Pages in topic:   < [1 2]
How do you speed up your term/phrase search process (for TM, glossary, termbases)?
Thread poster: Alex Aruj
Michael Beijer
Michael Beijer  Identity Verified
United Kingdom
Local time: 14:54
Member (2009)
Dutch to English
+ ...
@Dan: Oct 23, 2014

One more question:

What settings would you suggest here:

some_text ?

To cache or not to cache? I would be storing my index(es) on a separate SSD. I have 2 big SSDs on my laptop and a 1TB hybrid drive. One of the SSDs is reserved for indexes, my CafeTran Total Recall database and a few VMs.

Michael


 
Dan Lucas
Dan Lucas  Identity Verified
United Kingdom
Local time: 14:54
Member (2014)
Japanese to English
Cache text only Oct 23, 2014

Michael Beijer wrote:
One more question: What settings would you suggest here

Michael, I would cache text but not documents. The index covering 130Gb of data that I mentioned earlier is slightly less than 5Gb in size, so very manageable. I've never tried caching the documents but logically you should end up with an index as large as the data itself plus an additional few percent on top representing the indexing overhead. So you'd use 135Gb to index and cache 130Gb of data. That doesn't sound like a good idea to me unless you want a portable library of your data that you can carry around with you on an external drive.
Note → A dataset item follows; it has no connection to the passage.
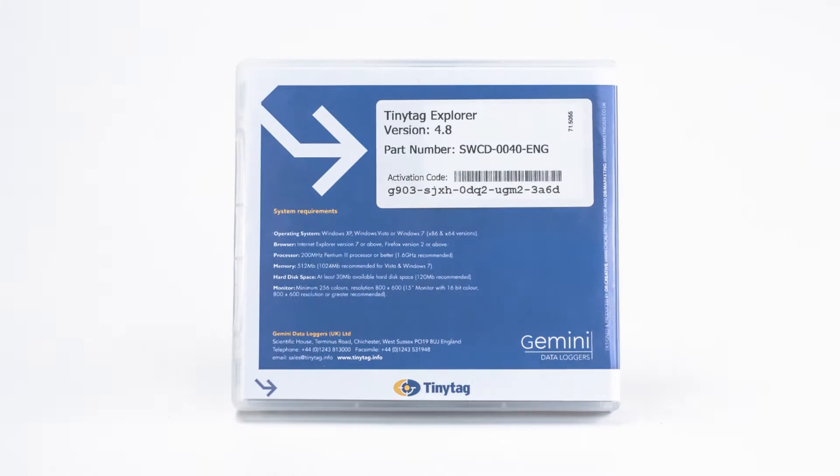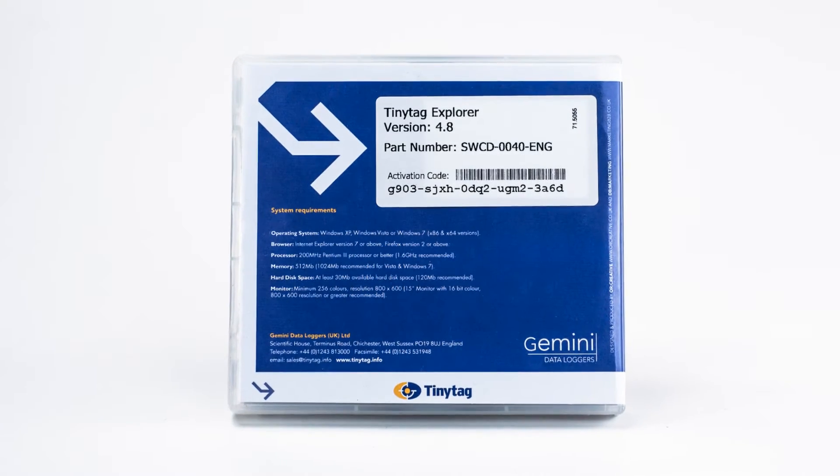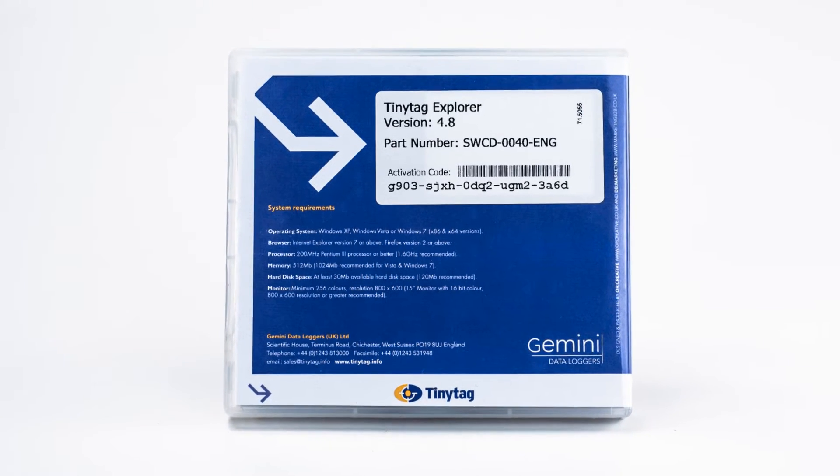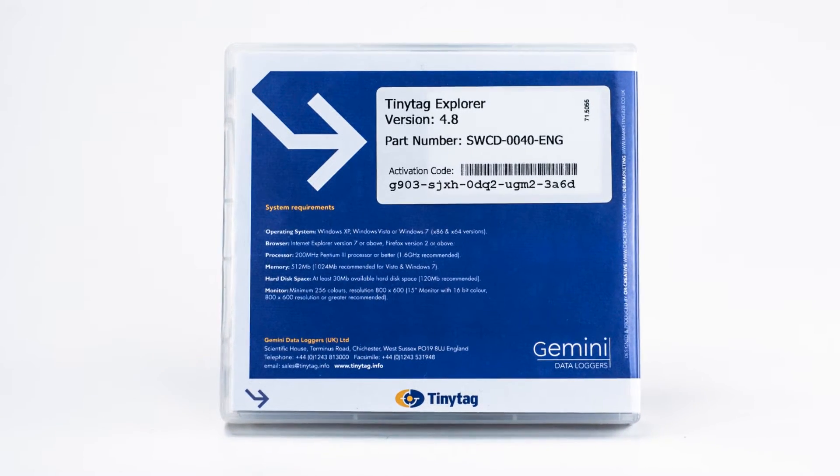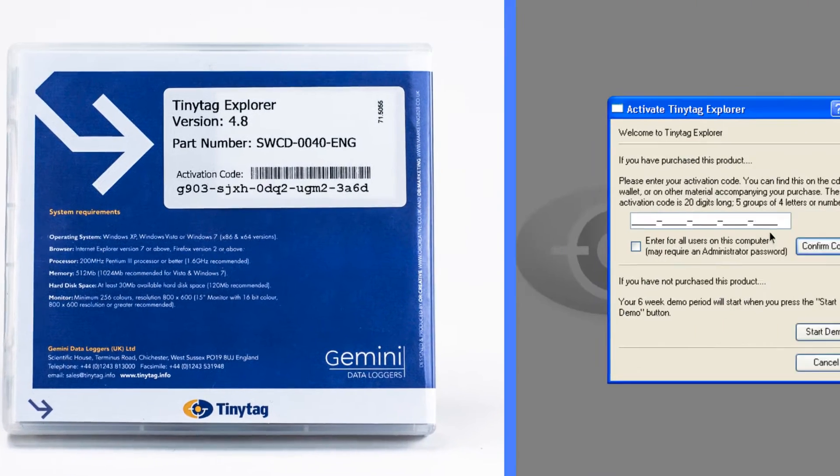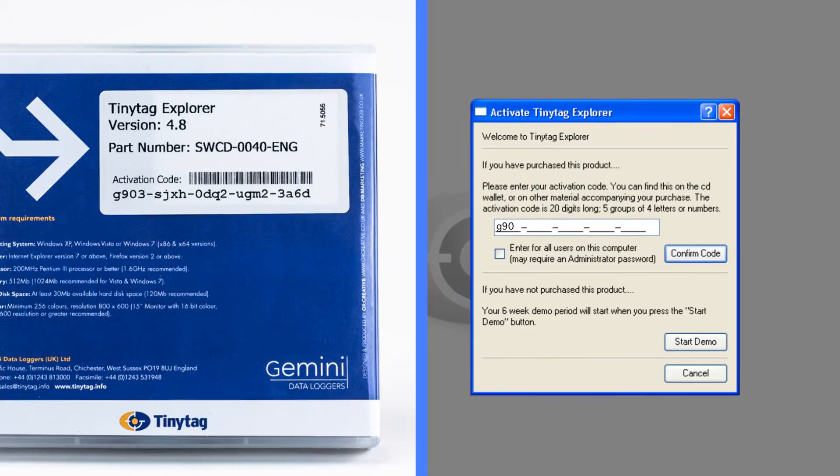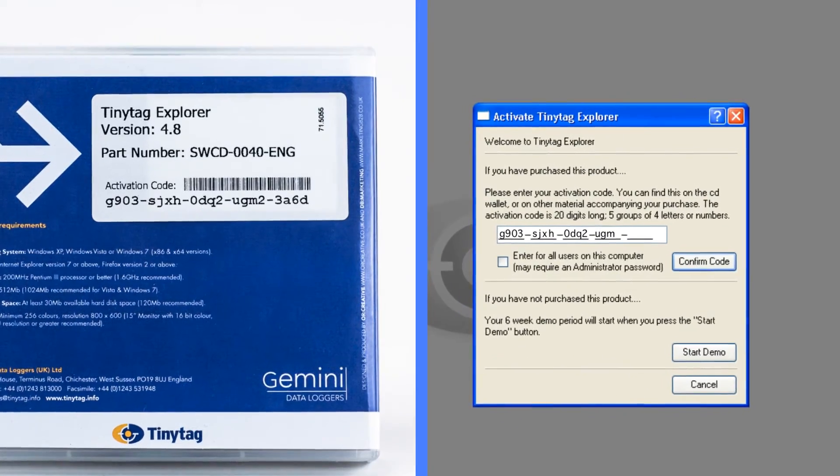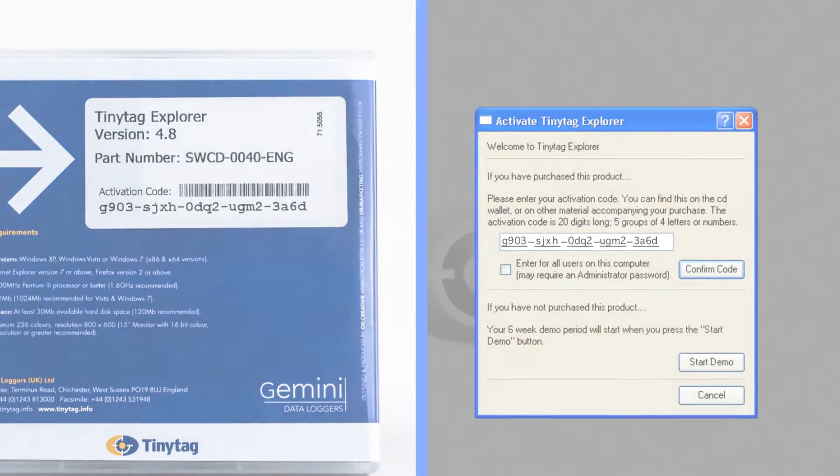Once the software is installed, the first time you run it you will be asked to enter an activation code. This can be found on the back of the CD case.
As I deal mostly in English and Japanese, I have never needed to use the accent-sensitive option. Likewise, case sensitivity isn't a big deal for me although I can see it being useful in some contexts. Keep your logging as Summary only, otherwise any useful information gets lost in huge lists of files.

Dan


[Edited at 2014-10-24 07:29 GMT]


 
Alex Aruj
Alex Aruj  Identity Verified
United States
Local time: 07:54
Spanish to English
+ ...
TOPIC STARTER
plenty of functionality, now to review query habits and see what works and what doesn't Oct 24, 2014

port the code to other languages

Why? Just for fun? Other platforms might be a target, but other languages?
Multifultor is platform-dependent, anyway. Any porting would have to be done from scratch.


Yes, I thought it would be fun. Also, I figured there could be some application for an NLP library like Natural language toolkit which comes with methods that can identify named entities and frequent part-of-speech tag combinations. It's a layer of complexity on top of query building, which normally is an intensive and multi-step process.


add more functionality

Please feel free to propose additional features that fit to Multifultor's basic concept. Most users never provide any feedback.


I'm having some difficulty dragging my new data source from the main window into the icon palette. I will get back to you on more functionality, but after going through some of the readme, I see it does much more than just crawl over selected domains!

I've spent time learning about natural language processing techniques and what I can say is, that it does offer a helpful view of a document when it comes to showing frequency distributions of terms and n-grams. I think it could be useful in the context of research too, if applying the algorithms to larger datasets to be able to model large TMs, label them and classify them and then find some measures of similarity (at a basic sense, this could be term overlap, n-gram overlap...there is also something called a skip-gram, which afaik is a model based on every other word, possibly skipping over stopwords too).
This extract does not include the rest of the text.